→ **WORK REQUEST**
Whatever precedes the line containing "May include: Silver" is not copied; that line and every line after it through the final one below are copied exactly, except pictures.

→ **MATERIAL PROVIDED**
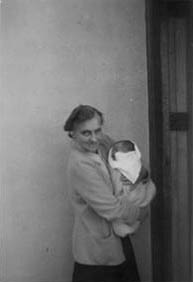 photo - when I was only a few days old; with my Grandmother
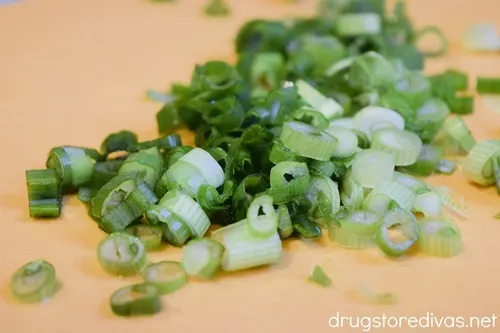 Cut green onions on an orange cutting board.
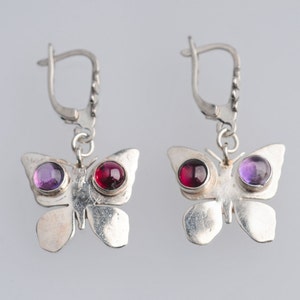May include: Silver butterfly earrings with purple and red gemstone accents.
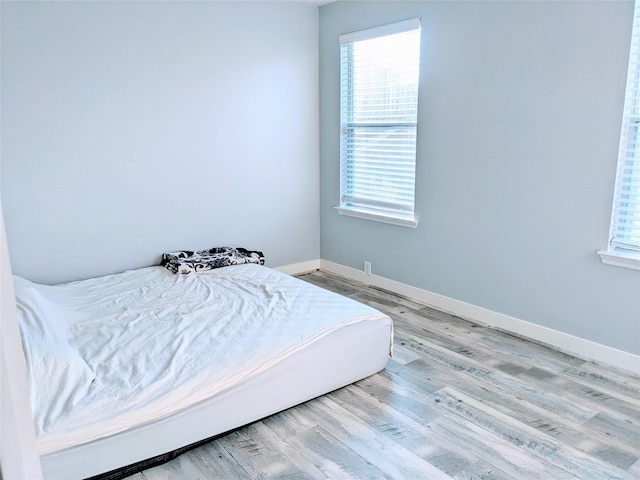 6318 Alpine Trail Ln, Katy, TX 77494 - bedroom with wood finished floors and baseboards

→ **ANSWER SECTION**
May include: Silver butterfly earrings with purple and red gemstone accents.
 6318 Alpine Trail Ln, Katy, TX 77494 - bedroom with wood finished floors and baseboards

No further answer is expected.